И вот она едет в первоклассном пульмановском вагоне — до самого Мемфиса.
Сидя на своем полукомфортабельном месте, Мерси стала свидетелем десятка душераздирающих расставаний и пары формальных прощаний — и вспомнила, как человек, которого она любила, уходил на войну. Вздрогнув при мысли о недавнем сне, она прикрыла глаза, пытаясь думать о другом — впрочем, безуспешно.
Много времени прошло с тех пор, как она в последний раз видела Филиппа, и вот теперь не смогла увидеть его снова. Казалось бы, его лицо, его голос должны были крепко — накрепко запечатлеться в ее сознании, но, как ни странно, эти воспоминания улетучились, оставив вместо себя горькую неуютную пустоту. Интересно, потускнели бы они в конечном счете, если бы у нее было время как следует оплакать мужа, или смягчились бы и стали более приятными? Такими, на которые легче смотреть со стороны. Сгладились бы, подобно жемчужине или обкатанной волнами гальке?
Мерси обвела взглядом вагон, полный удобно разместившихся женщин среднего класса, чьи фигуры разнились точно так же, как их годы. Еще в вагоне было несколько хмурых ребятишек, по велению матушек держащих пока язык за зубами и старающихся прочувствовать серьезность поездки.
Первые два часа пути из форта Чаттануга в Мемфис прошли скучно, все пассажиры сидели смирно, дожидаясь прибытия к месту назначения и тайно мечтая о каком-нибудь развлечении. На третьем часу кто-то похлопал Мерси по плечу. Обернувшись, она уставилась в лицо мулатки лет сорока или чуть больше.
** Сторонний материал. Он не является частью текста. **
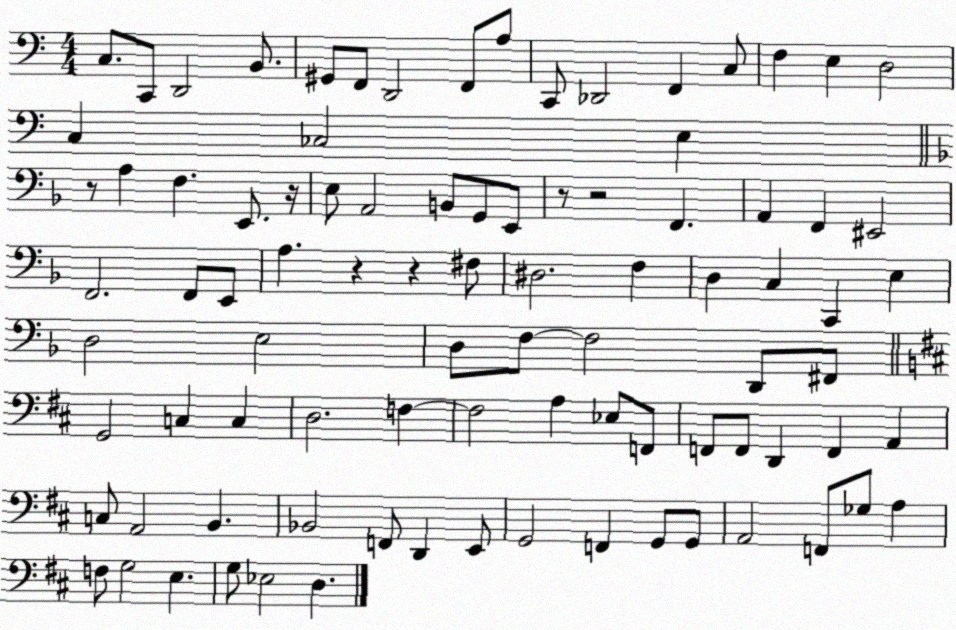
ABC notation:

X:1
T:Untitled
M:4/4
L:1/4
K:C
C,/2 C,,/2 D,,2 B,,/2 ^G,,/2 F,,/2 D,,2 F,,/2 A,/2 C,,/2 _D,,2 F,, C,/2 F, E, D,2 C, _C,2 E, z/2 A, F, E,,/2 z/4 E,/2 A,,2 B,,/2 G,,/2 E,,/2 z/2 z2 F,, A,, F,, ^E,,2 F,,2 F,,/2 E,,/2 A, z z ^F,/2 ^D,2 F, D, C, C,, E, D,2 E,2 D,/2 F,/2 F,2 D,,/2 ^F,,/2 G,,2 C, C, D,2 F, F,2 A, _E,/2 F,,/2 F,,/2 F,,/2 D,, F,, A,, C,/2 A,,2 B,, _B,,2 F,,/2 D,, E,,/2 G,,2 F,, G,,/2 G,,/2 A,,2 F,,/2 _G,/2 A, F,/2 G,2 E, G,/2 _E,2 D,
Платье на ней было много лучше всего того, чем когда-либо владела Мерси, и пахла женщина жасмином — или чем-то вроде того. Прическу из заплетенных в косы волос венчала шляпка, сидящая так плотно, что ее едва ли можно было бы сбить — пусть даже и палкой.
— Прошу прощения, — сказала женщина. — Мне не хотелось вас беспокоить, но я подумала, не медсестра ли вы? Я видела ваши плащ и сумку.
— Да, я медсестра.
— С поля боя?
— Не намеренно, — ответила Мерси. — Но я была там, буквально вчера ночью.
Поезд задрожал, набирая скорость для подъема на невысокий склон. Женщина вздрогнула вместе с ним и спросила:
— Можно присесть тут, всего на секунду?
— Почему бы и нет, — кивнула Мерси, хотя и не сомневалась, что большинство ее попутчиков могли бы придумать массу причин, почему «нет». В данный момент одни женщины передвигали или поправляли свой багаж, делая вид, что не смотрят в их сторону, а другие демонстративно пялились на них. Тем не менее Мерси указала на пустое кресло рядом с собой.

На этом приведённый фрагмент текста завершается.